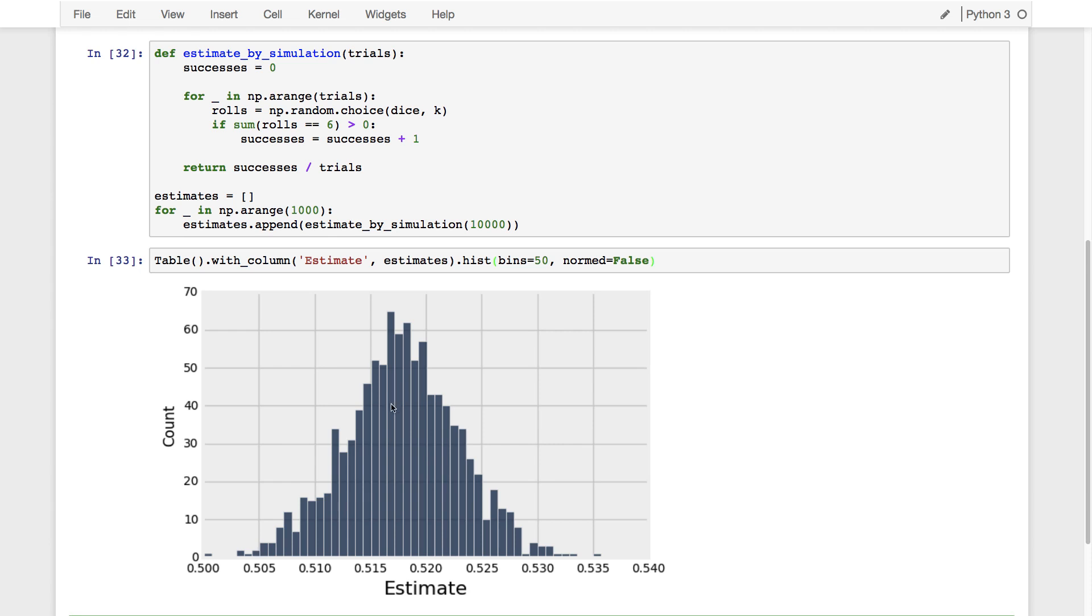And so you can't always expect the estimate to be exactly the same as the parameter, or even to share the first two digits. But we see that they were all clustered around the parameter. It was more often that we got something close than we got something far away. And even the ones that were far away weren't that far away, 0.5 versus 0.517.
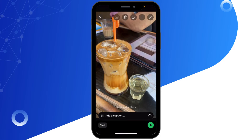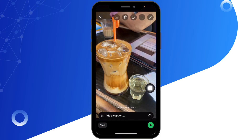Now tap on the one icon beside the message field. This will set the photo to view once.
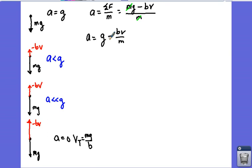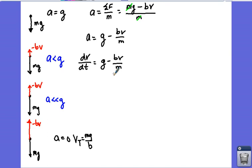I want to solve for velocity as a function of time. I'll rewrite A as the instantaneous rate of change dV/dt, giving dV/dt = G - BV/M. I'll now separate variables — anything related to velocity on the left, anything related to time on the right. Go ahead and pause the video and try to rearrange this equation yourself, then come back to see if we agree.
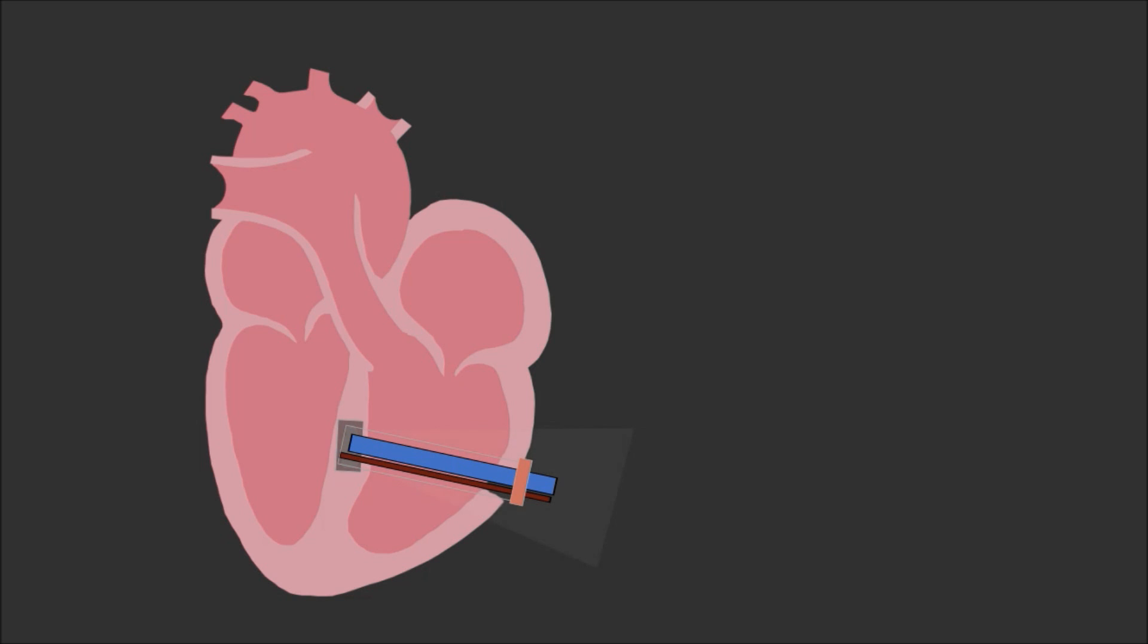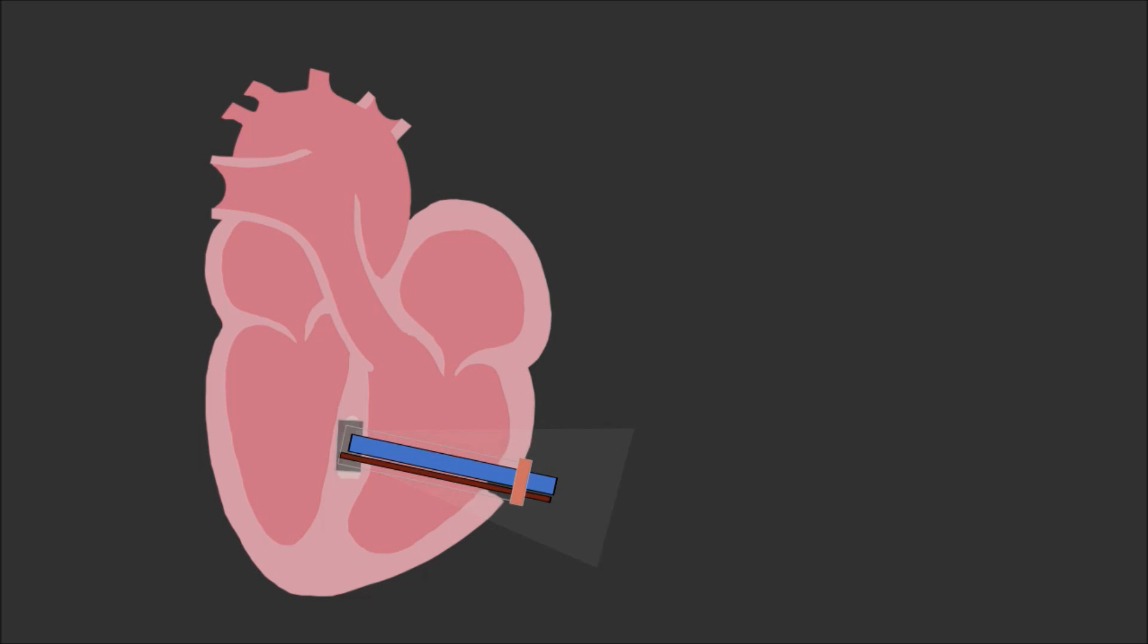What this does is it actually cures the glue in place, and during this process the glue is actually infiltrating into the tissue, so it actually interlocks or interdigitates with the collagen fibers.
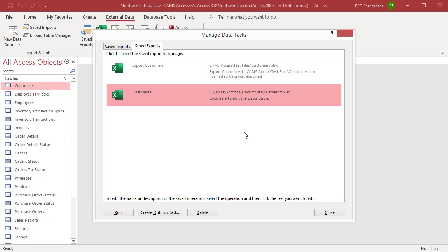If you no longer need to perform a specific operation, you can delete the specification. Select the specification and click Delete.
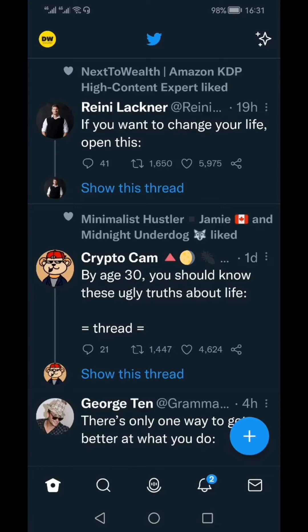Copying your Twitter profile link on your mobile app is extremely easy. I've seen multiple tutorials in which people were saying that it is not possible from within the app, but it is very much possible. I'm going to show you that.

**TASK STATEMENT**
Line for line, output the entries above from the line with "What this does" to the line with "If you no longer", both included, and nothing more. Skip pictures.

**RESULT FOR THIS TASK**
What this does is it actually cures the glue in place, and during this process the glue is actually infiltrating into the tissue, so it actually interlocks or interdigitates with the collagen fibers.
If you no longer need to perform a specific operation, you can delete the specification. Select the specification and click Delete.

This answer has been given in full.